There is nothing in the record to indicate that the court inadvertently decreed “that the premises be sold in one parcel.” It does appear that the decree was shown to the defendant’s attorney, before it was signed by the judge, and that said attorney wrote upon the margin of it, “This decree is satisfactory,” and signed the same as the attorney of E. Wiard, defendant. It further appears that the decree was so submitted to defendant’s counsel by direction of the judge. If the defendant’s attorney did not carefully examine the several clauses of the decree before indorsing on it his satisfaction, the fault was his own, as it appears from his own affidavit that he was given an opportunity to examine it, and was told that the judge desired he should.

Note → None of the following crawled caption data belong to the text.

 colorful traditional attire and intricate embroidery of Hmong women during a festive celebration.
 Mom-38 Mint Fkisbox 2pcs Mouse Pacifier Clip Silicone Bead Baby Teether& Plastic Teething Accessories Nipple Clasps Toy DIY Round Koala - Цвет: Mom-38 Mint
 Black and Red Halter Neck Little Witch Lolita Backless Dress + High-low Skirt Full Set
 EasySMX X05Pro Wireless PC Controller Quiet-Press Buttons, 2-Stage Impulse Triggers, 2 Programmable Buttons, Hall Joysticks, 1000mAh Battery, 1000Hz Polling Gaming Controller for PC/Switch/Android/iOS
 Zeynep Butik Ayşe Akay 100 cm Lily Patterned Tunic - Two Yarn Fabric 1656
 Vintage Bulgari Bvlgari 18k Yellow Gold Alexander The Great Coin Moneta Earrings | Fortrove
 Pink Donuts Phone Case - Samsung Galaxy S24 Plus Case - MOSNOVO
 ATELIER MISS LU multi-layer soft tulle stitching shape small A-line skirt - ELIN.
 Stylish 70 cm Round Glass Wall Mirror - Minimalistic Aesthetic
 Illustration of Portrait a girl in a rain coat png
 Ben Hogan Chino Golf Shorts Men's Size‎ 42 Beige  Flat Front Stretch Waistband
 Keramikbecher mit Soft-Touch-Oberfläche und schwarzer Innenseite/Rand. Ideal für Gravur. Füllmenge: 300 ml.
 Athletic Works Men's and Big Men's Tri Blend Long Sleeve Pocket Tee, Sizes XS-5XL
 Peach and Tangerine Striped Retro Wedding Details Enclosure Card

The main contention of respondents is that the court exceeded its jurisdiction in ordering that the premises be sold as a whole and in one parcel. The code provides that “in such action the court may by its judgment direct the sale of the encumbered property,” but is silent as to the mode of sale. The provisions of the code in this respect are not materially different from those of the late Practice Act. And in Heyman v. Babcock, 30 Cal. 367, the court said: “No express provision is found in the Practice Act providing the mode of making sale of the mortgaged premises under a decree of foreclosure.” In the absence of any provision prescribing the mode, we think the court might under its power to direct the sale, direct how it should be made. Such appears to have been the opinion of Justice Sanderson, who, in a concurring opinion in Heyman v. Babcock, supra, said: “ If the judgment contains specific directions they must be fol*262lowed by the officer.” In Babcock v. Perry, 8 Wis. 277, the court reversed an order similar to that now before us. One of the grounds upon which it was contended that the order setting aside the sale was not erroneous was, that “the premises were sold together, and not in parcels.” In answer to that the court said : “It is to be observed that the sheriff as well as the party was bound to pursue the order of the court in mating the sale, and that order was that the premises should be sold together.” In Langsdale v. Mills, 32 Blackf. 380, the court said: “The question is, not what the decree ought to have been, but what it is. While it remains in its present form, any sale made under it, not authorized by its terms, cannot stand.”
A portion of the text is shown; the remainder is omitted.